▸ What you will do
Keep the pictures out. Write out every line of the listing exactly.

▸ Data
------------------------------------------------------------------------
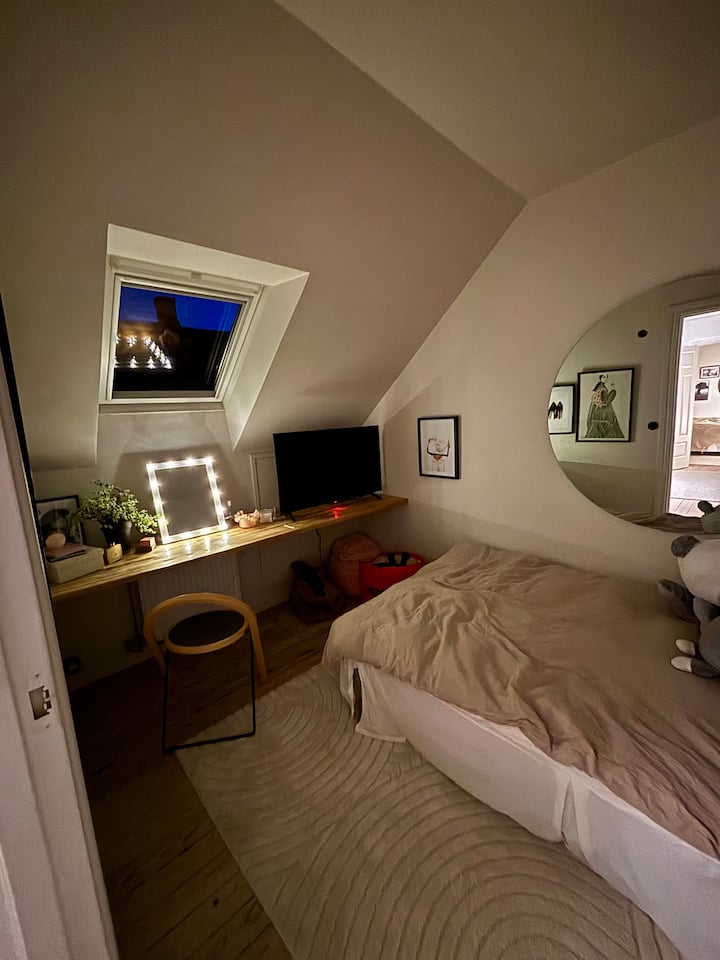 ห้องนอน2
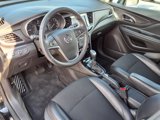 Certified 2022 Buick Encore Preferred w/ Safety Package image 4
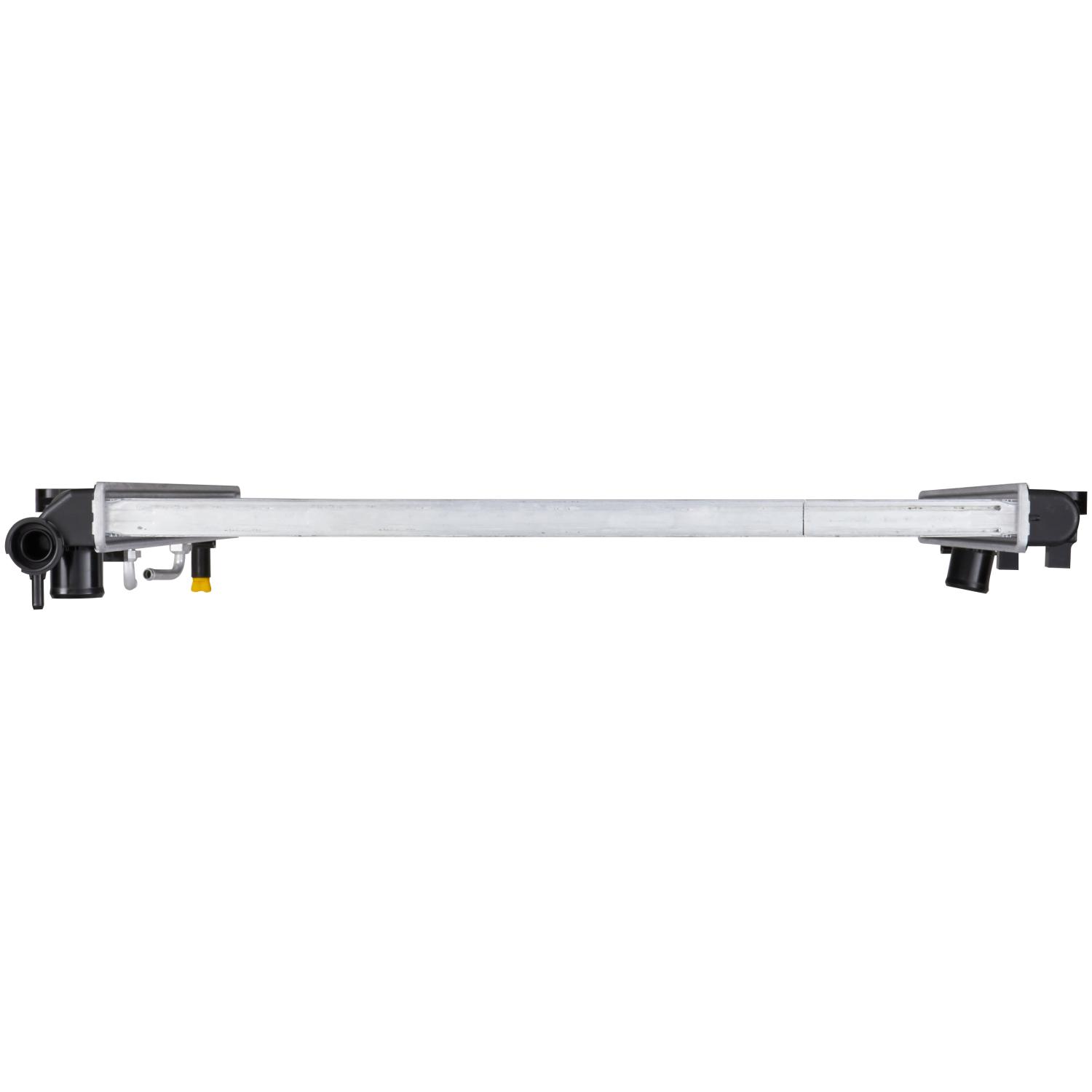 Spectra Premium CU13210 Radiator product image 4 of 4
------------------------------------------------------------------------
▸ Exercise response
 ห้องนอน2
 Certified 2022 Buick Encore Preferred w/ Safety Package image 4
 Spectra Premium CU13210 Radiator product image 4 of 4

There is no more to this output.